## EXERCISE INSTRUCTIONS
Below are the entries to work from; restate word for word the portion that opens with the line containing "BLACK BEAUTY HOPPE" and closes with the line containing "愛知県みよし市莇生町池上周辺の地図", keeping both.

## INFORMATION GIVEN
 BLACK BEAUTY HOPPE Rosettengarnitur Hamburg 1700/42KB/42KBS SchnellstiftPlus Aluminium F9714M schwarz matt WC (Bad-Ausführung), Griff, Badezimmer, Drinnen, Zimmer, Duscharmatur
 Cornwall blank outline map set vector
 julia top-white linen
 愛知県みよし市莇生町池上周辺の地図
...
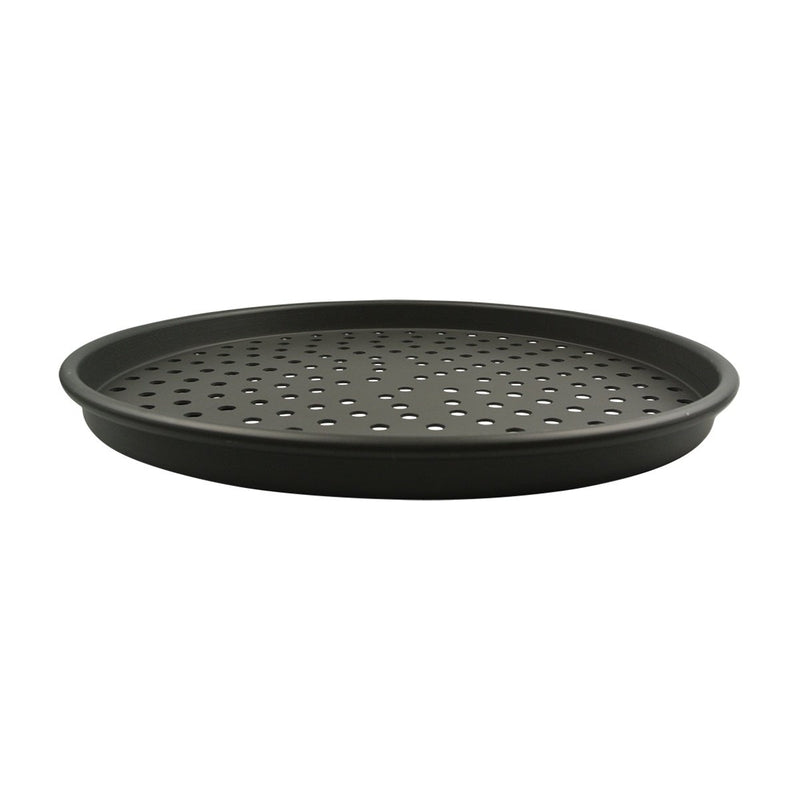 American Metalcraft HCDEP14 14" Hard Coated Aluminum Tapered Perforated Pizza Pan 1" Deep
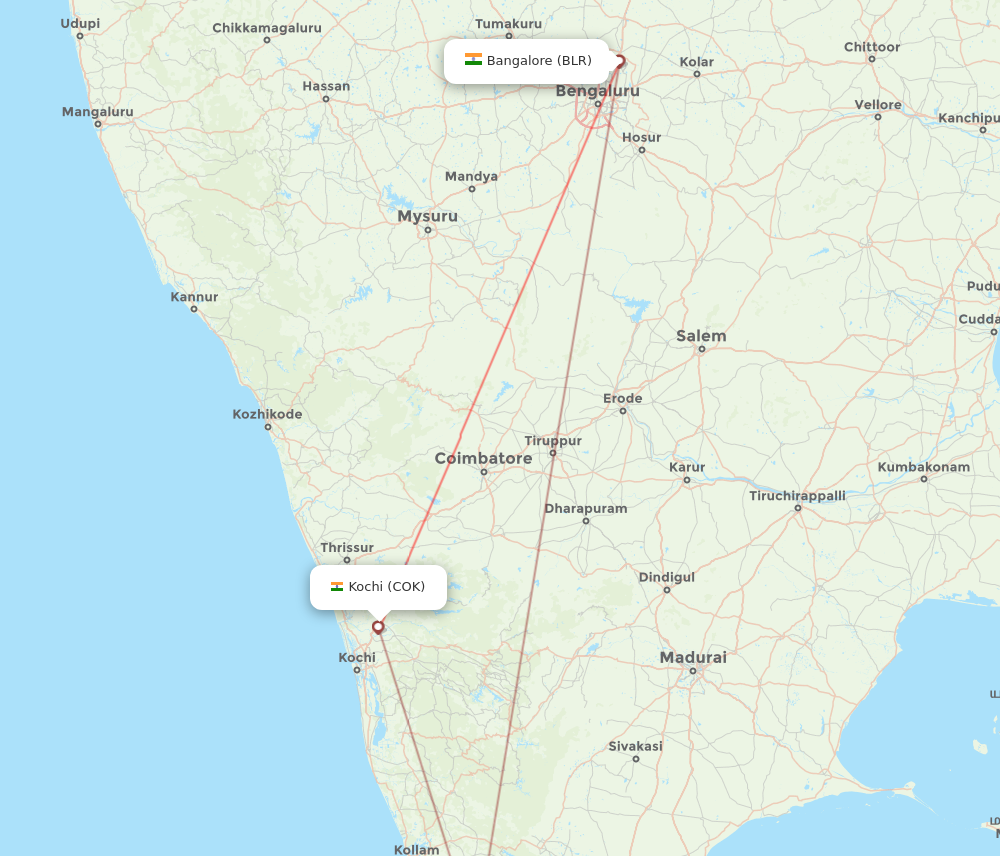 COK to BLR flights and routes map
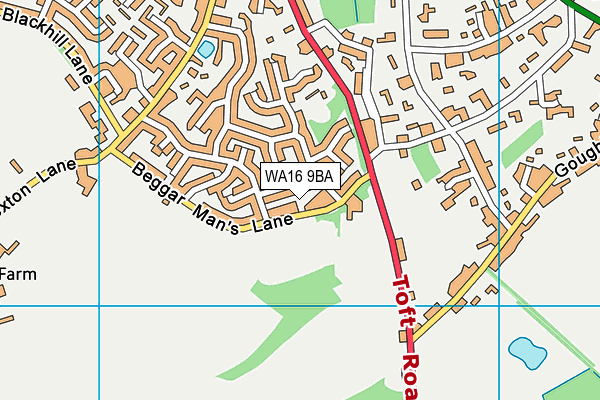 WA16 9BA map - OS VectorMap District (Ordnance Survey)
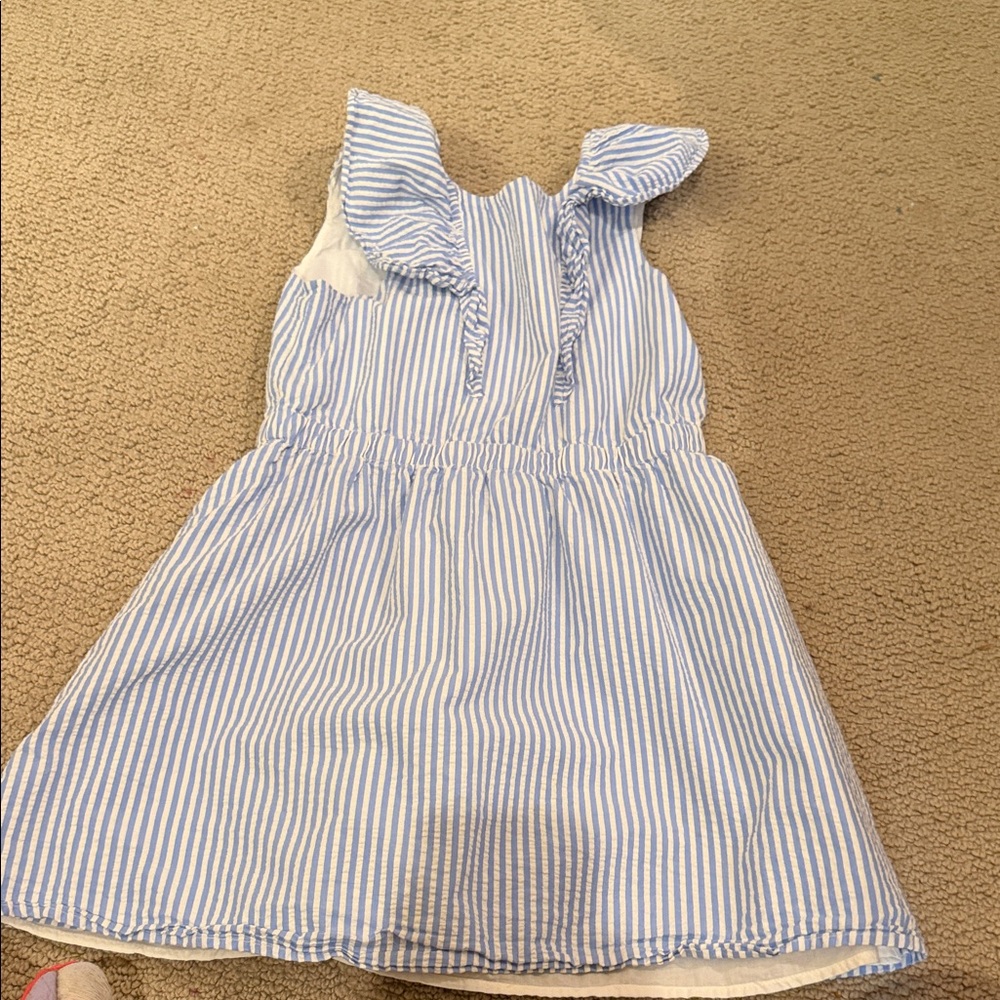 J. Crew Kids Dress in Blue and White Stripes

## RESULT OF THIS EXERCISE
 BLACK BEAUTY HOPPE Rosettengarnitur Hamburg 1700/42KB/42KBS SchnellstiftPlus Aluminium F9714M schwarz matt WC (Bad-Ausführung), Griff, Badezimmer, Drinnen, Zimmer, Duscharmatur
 Cornwall blank outline map set vector
 julia top-white linen
 愛知県みよし市莇生町池上周辺の地図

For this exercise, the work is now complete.